Dicevo allora che questa  storia  è strana e non va capita, va letta senza pensare, va odorata, va assaporata, bisogna lasciarsi coinvolgere dalla fantasia, dalla realtà, dai sogni (sì i sogni dell’Orco), dall’incoscienza (sì perché ce ne vuole un sacco), bisogna interpretare la filosofia dell’orco e lasciar perdere quella della plinto , non perché non ne valga la pena, assolutamente,  ma perché è impossibile, la filosofia della plinto sta tutta nell’ESPRESSIONE, quella che non si descrive per raccontarla meglio, quella che fa sorridere, quella che fa correre, quella che fa fare le inversioni a U o che fa vedere il mare a Bagnacavallo, quella che forse riuscirò un giorno a descrivere per chi avrà la pazienza , la voglia e l’interesse di seguire tutti i capitoli di questo “arraffazzonato” racconto  on-line.

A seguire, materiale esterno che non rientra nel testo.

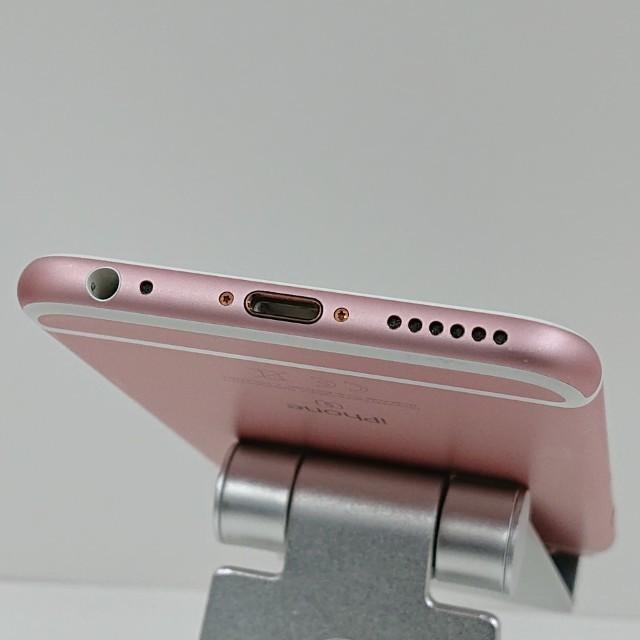 iPhone6s 32GB au ローズゴールド 送料無料 即決 本体 c20372 : アーク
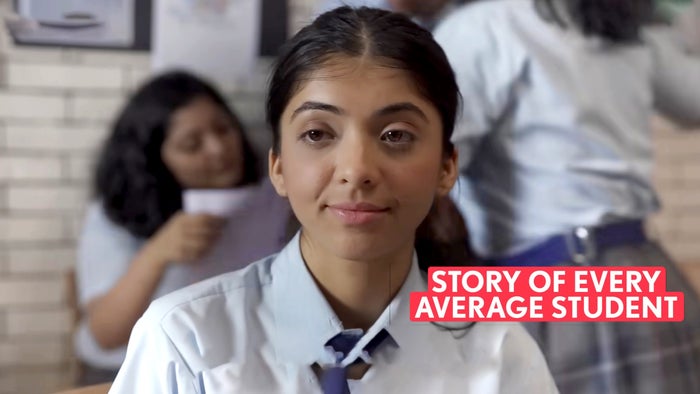 Story Of Every Average Student on JioTV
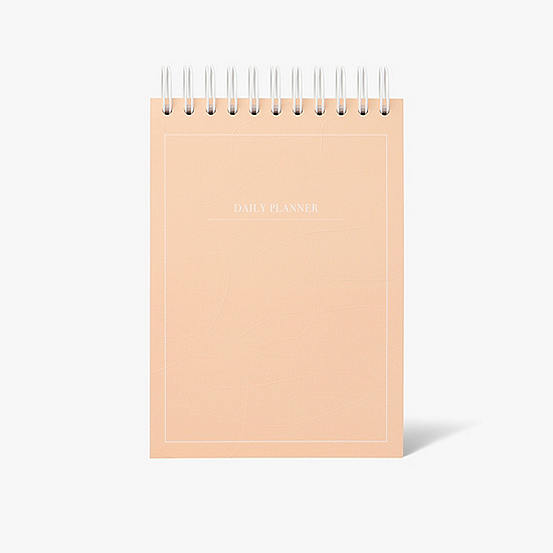 Paperchase Serenity Chunky Daily Planner Grattan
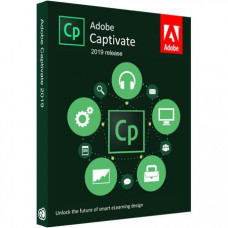 Adobe Captivate 2019 (1 PC)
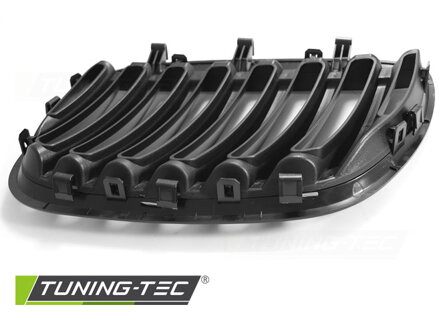 Maska BMW X5 E53 04-06 Matt Black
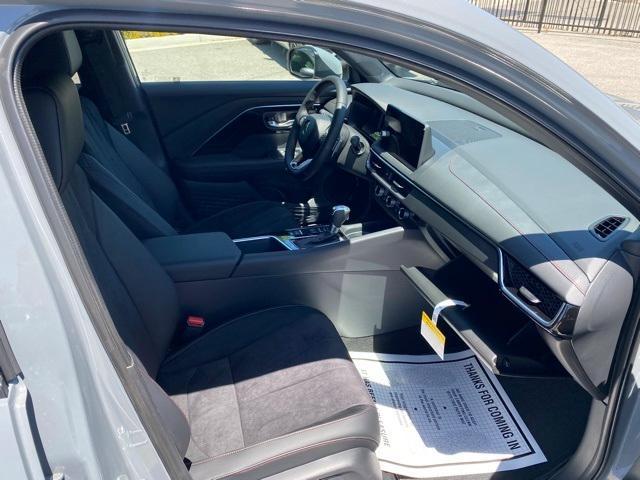 new 2025 Acura ADX car, priced at $41,950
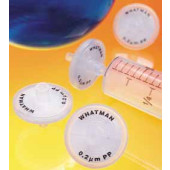 Filtre seringue Puradisc en polypropylène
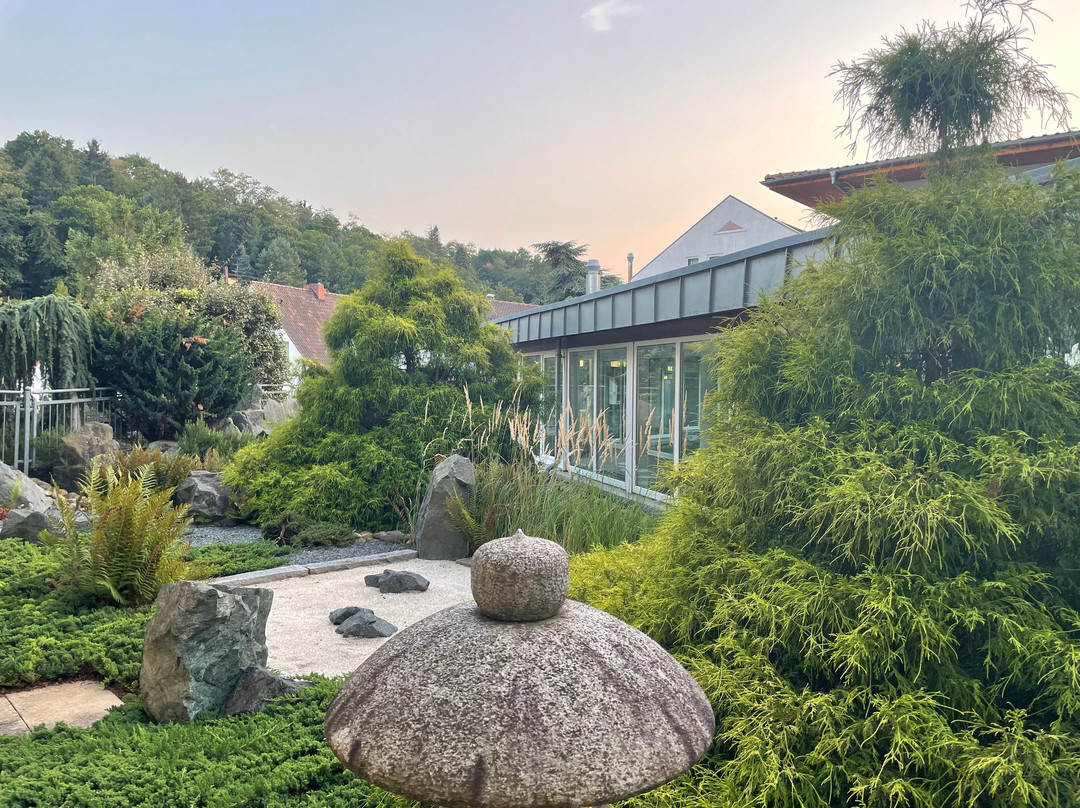 Wellness- Und Gartenhotel Heusser主图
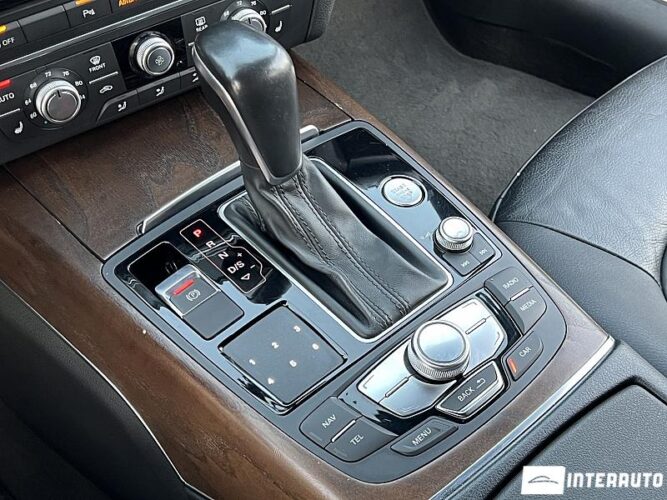 Audi A6 46 interauto-car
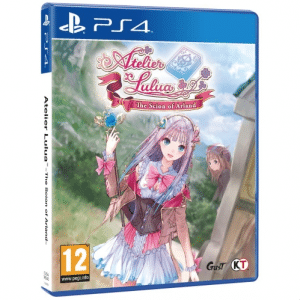 atelier lulua ps4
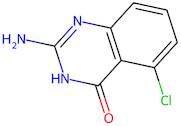 2-Amino-5-chloroquinazolin-4(3H)-one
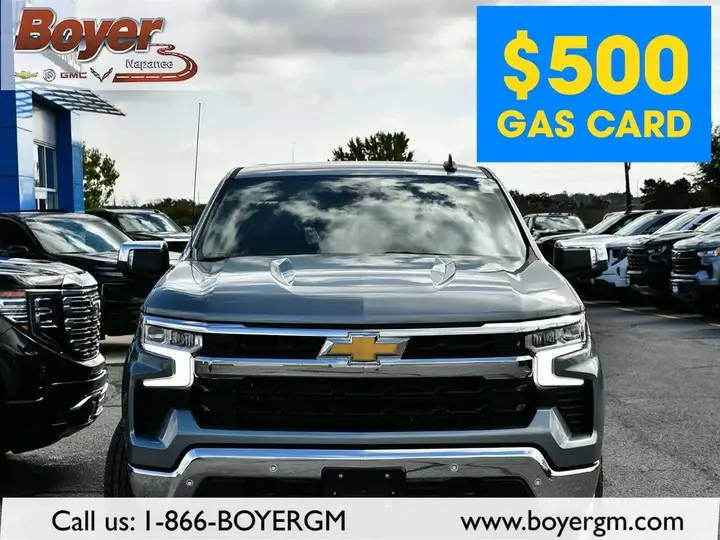 Chevrolet Silverado 1500 2026 photo 2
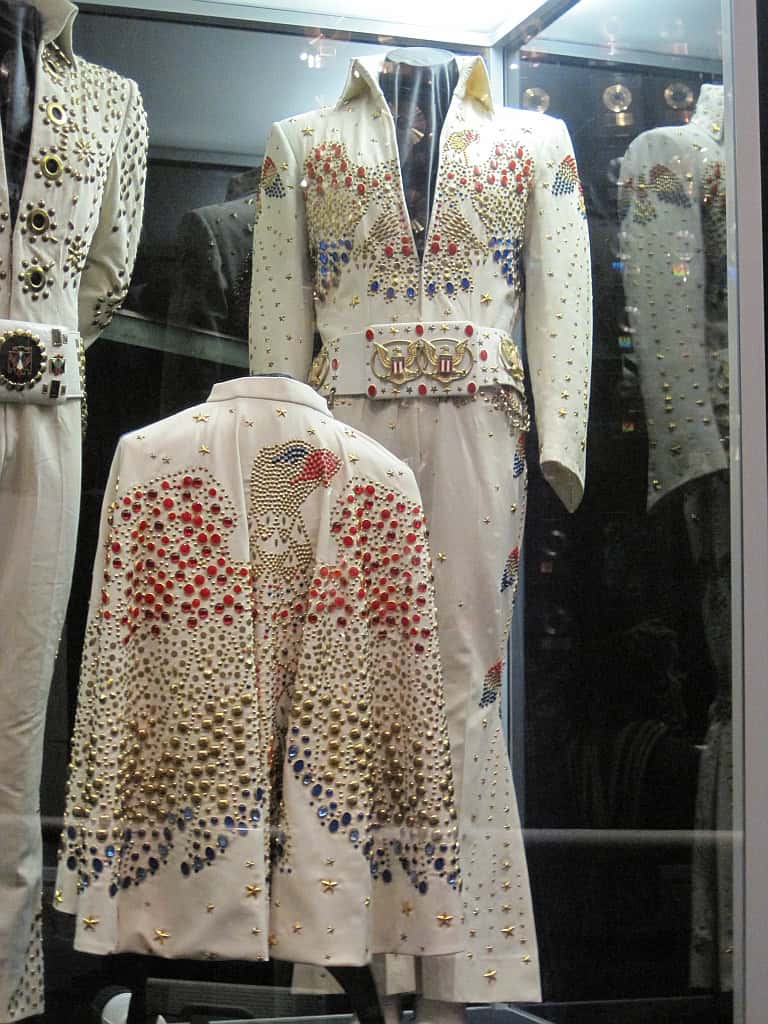 Elvis Presley's "Aloha from Hawaii" Jumpsuit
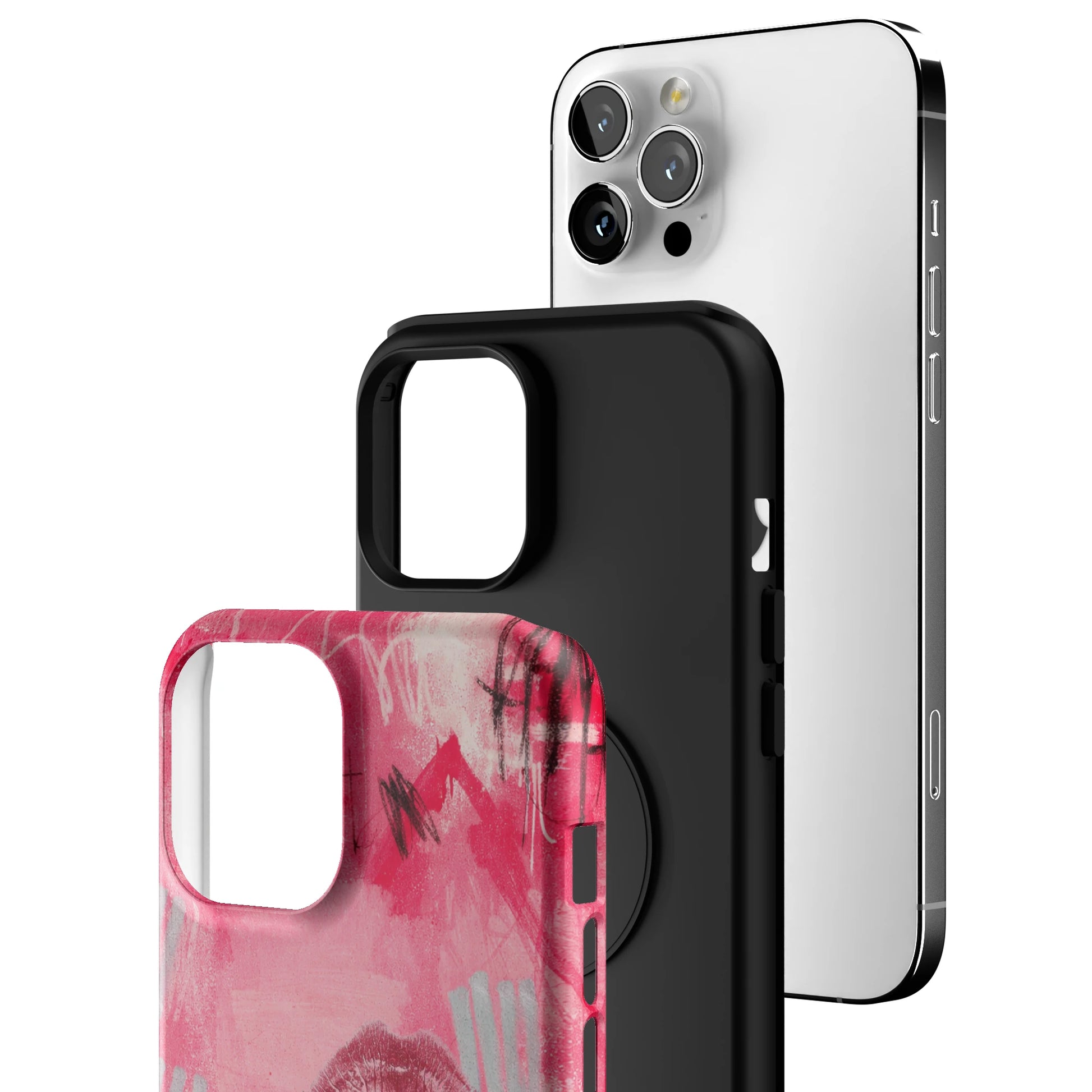 Smudge iPhone Case gallery - Iphone_12_Pro_Max_3
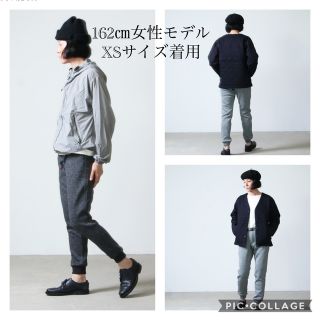 GRAMICCI - Lemon様 専用 ボンディングニットフリースナローリブパンツ ...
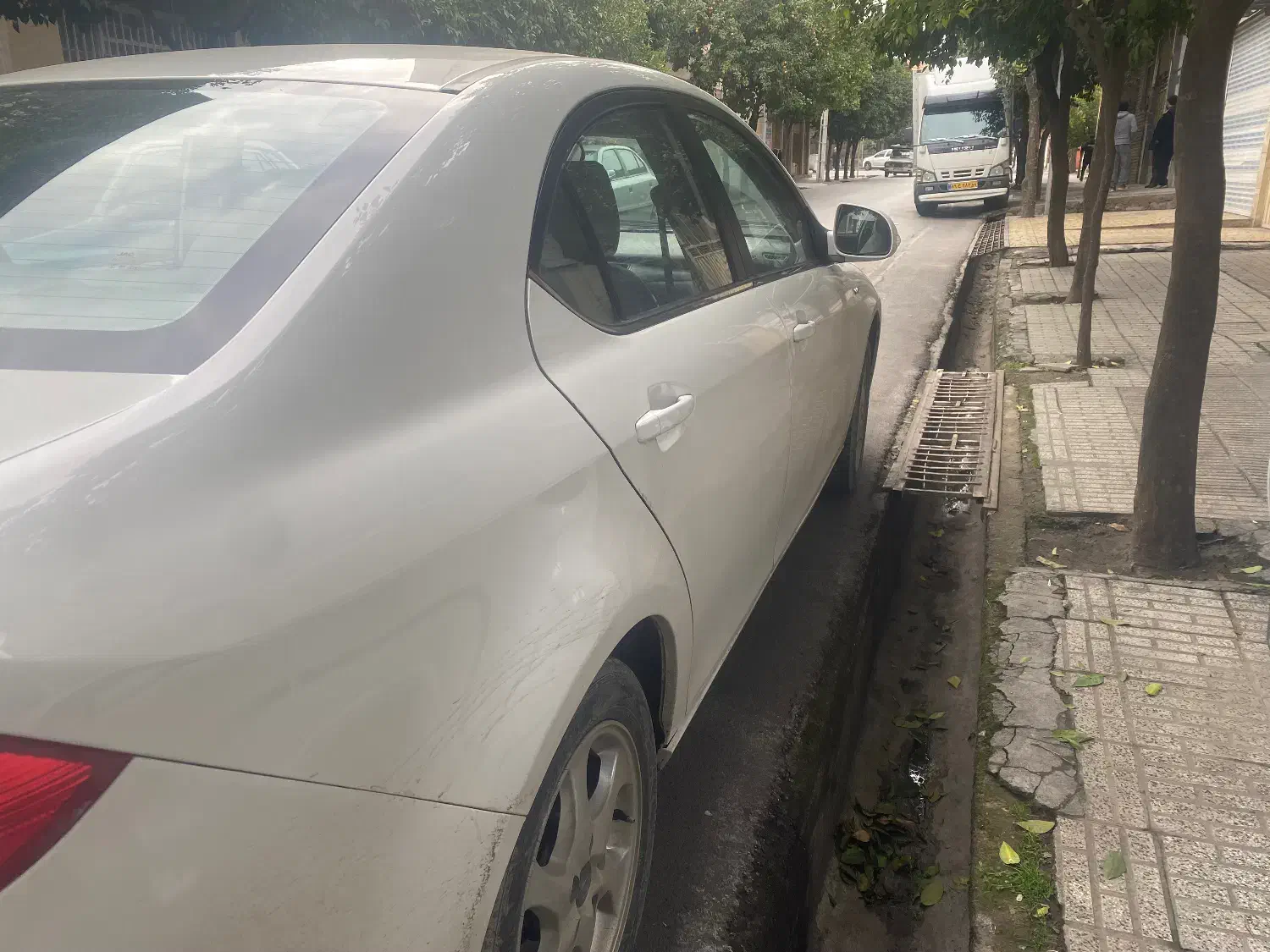 خودرو سواری جک جی ۵|خودرو سواری و وانت|گرگان, |دیوار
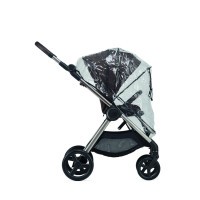 ANEX Kočárek kombinovaný IQ + KIDDY Evoluna i-size 2 + základna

E quindi? Quindi niente, però “perchè sì”. Cosa vuol dire “perché sì”? All’apparenza niente, in realtà vuol dire che se anche non capisci il perché, ma lo senti che c’è, ti sei già dato la risposta. 

So che vorreste cancellare quest’ultimo pezzo ma è impossibile, il blog è bloccato e lo posso modificare solo io, fottuti.